I drove home last night in Michigan, and it was 77 degrees. It might hit 80 today. So I had promised myself I wasn't going to mention weather during this call, but it is what it is; and I assume we're going to get some cool fall weather at some point here, but I think that's also having an impact on the overall consumer soft goods market.
When we get a little weather and a little coolness, retail jumps up, consumer traffic jumps up, and things are pretty good. But when it's unseasonably warm, things slow down again -- at least that's what we're seeing.
Mike Stornant - SVP, CFO, Treasurer
Yes.
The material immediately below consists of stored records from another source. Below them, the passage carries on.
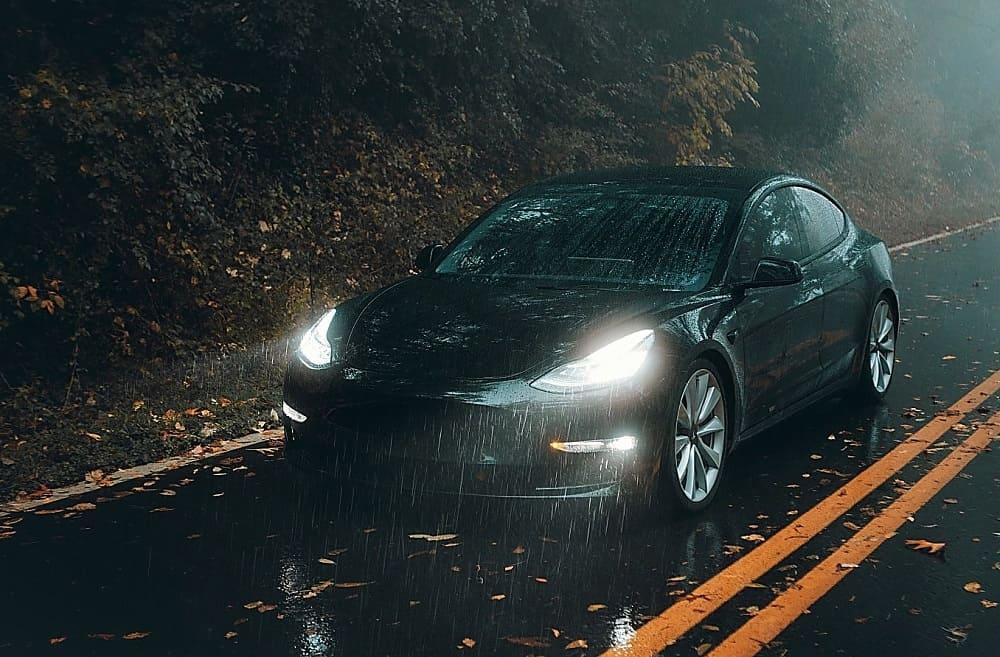 Tesla Model 3 сломалась после ливня – заплатите $20 000 за ремонт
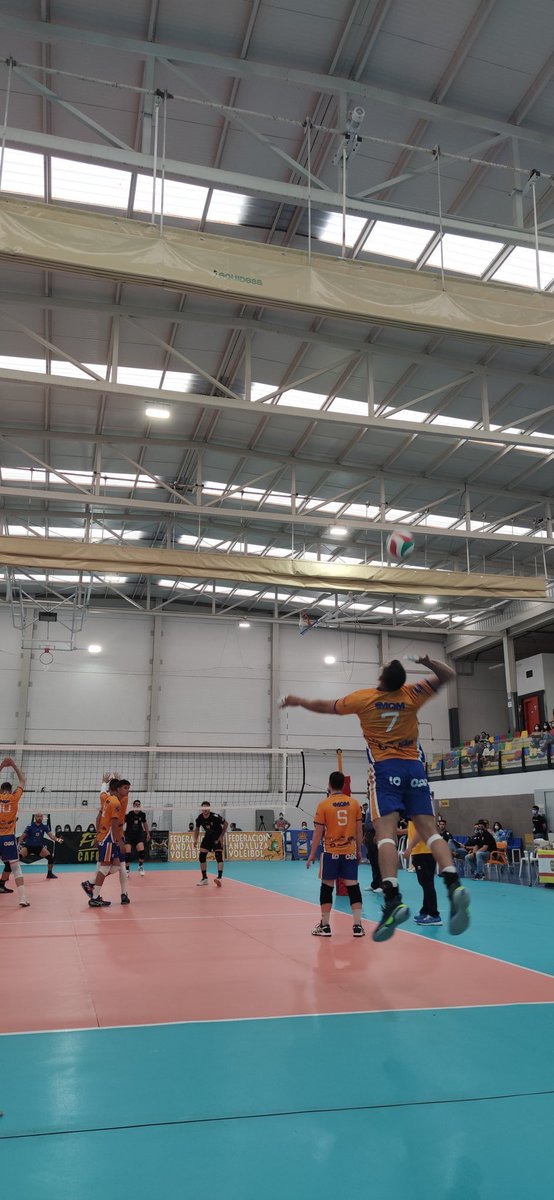 Orgull d'equip! 👏👏👏
Felicitats <a href="/cv_roquetes/">Club Voleibol Roquetes</a> per aquesta gran temporada i per donar-ho tot fins al final! 
Un equip fet amb gent molt jove, de casa i amb un gran futur. 💪💪
Força al volei a #Roquetes! 
#RoquetesEsport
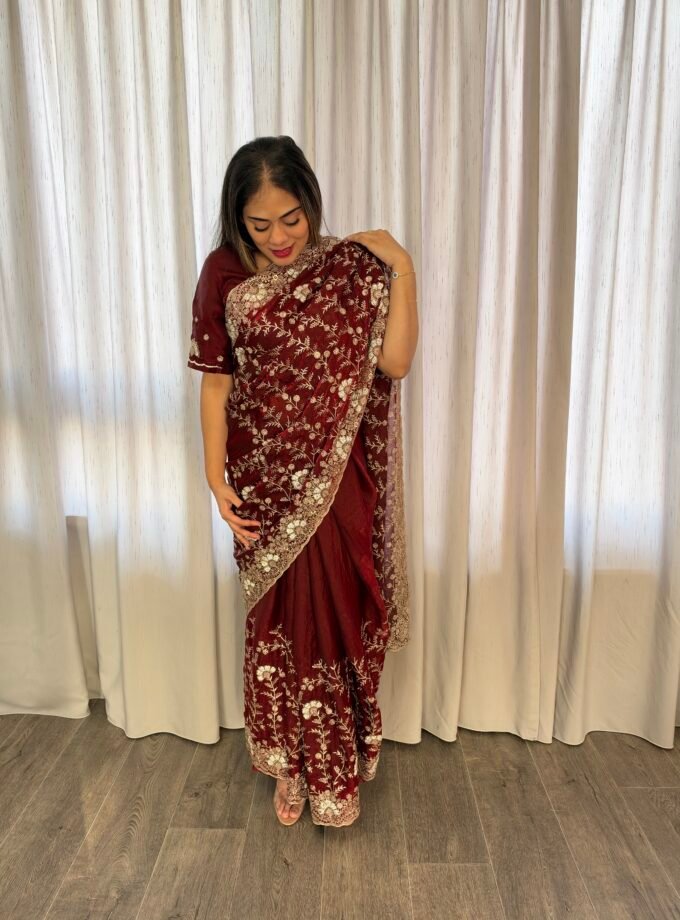 Traditionele saree - bordeauxrood- Maat M L XL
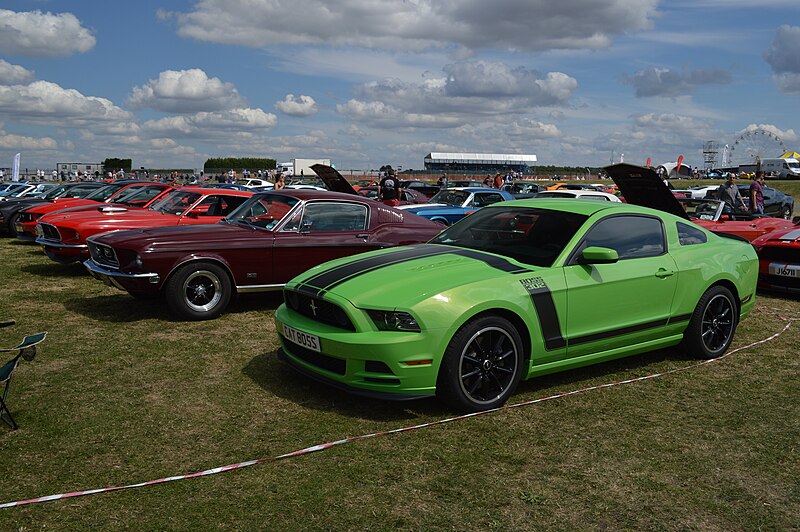 File:Silverstone Classic 2014 - 14722511037.jpg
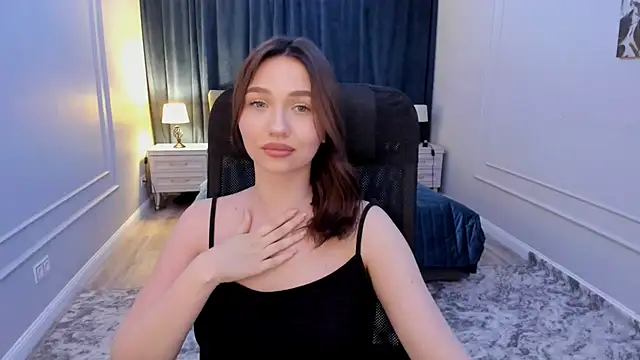 Snapshot of GracefulLook chatting on March 18, 2025, 2:40 am GracefulLook online show from March 18, 2025, 2:40 am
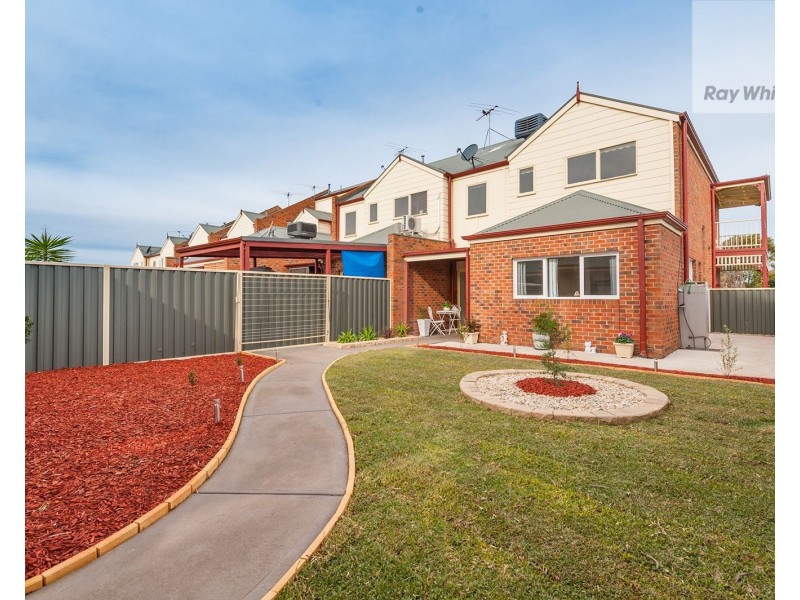 13 Meadowbank Lane, Craigieburn VIC 3064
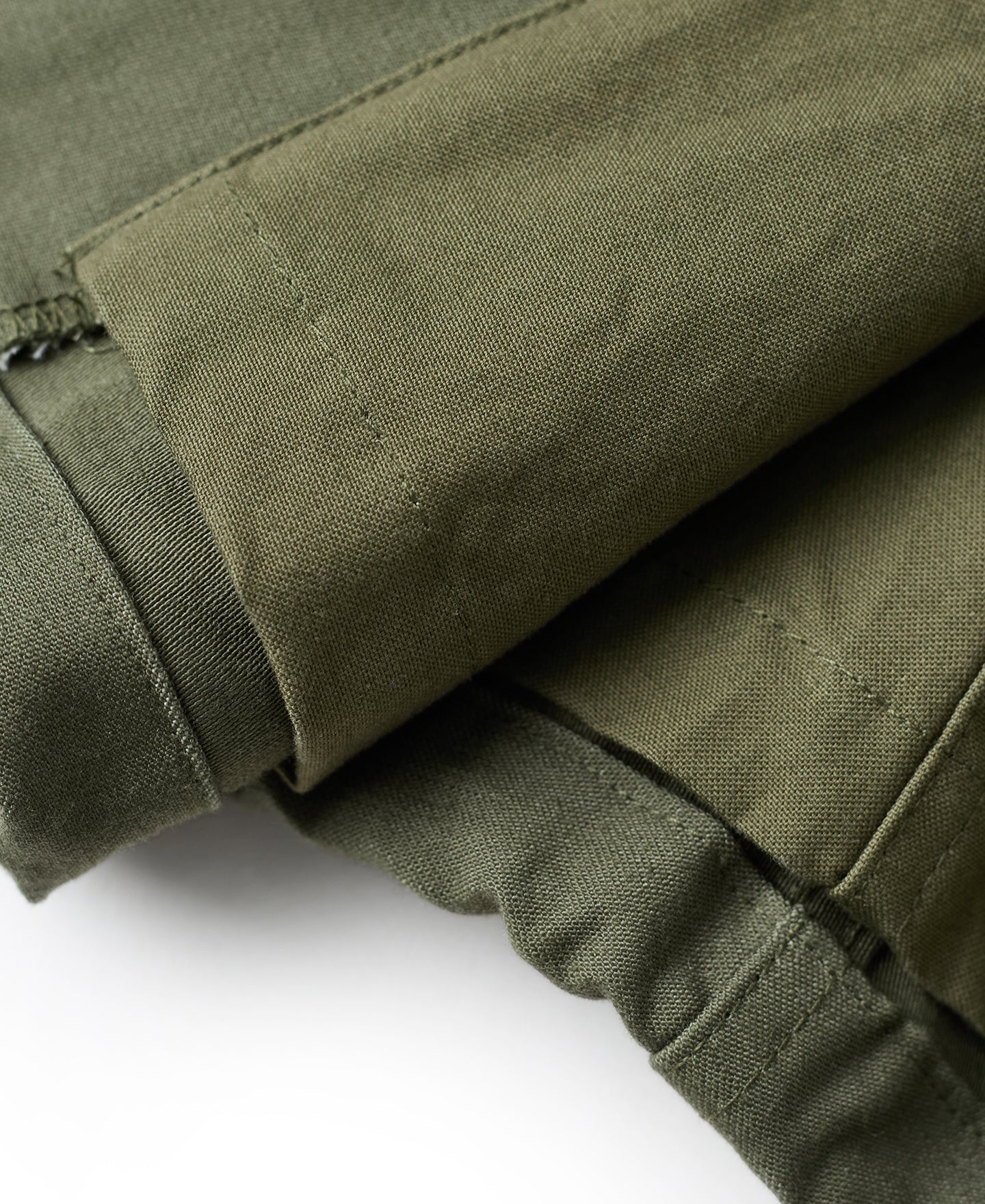 Veste militaire M-65 vert olive avec écussons brodés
And Jessica, I think for Q4, it's the things that were mentioned in the prepared remarks around, first of all, a much easier comparison against any of the other quarters up till now.
We've had a good response, obviously, to the Sperry boot program; early indications there are very good. We had a nice initial sell-in improvement in Q3, which is a small part of that program, but still indicative of the kind of progress we're making there.
Arctic Grip for Merrell and some other incremental programs for Q4 are really driving that. So we recognize, to Blake's point, about the weather that there are some variables out there that we don't control that still may put some pressure on Q4 results as we become a little more cautious than a quarter ago about the balance of the year.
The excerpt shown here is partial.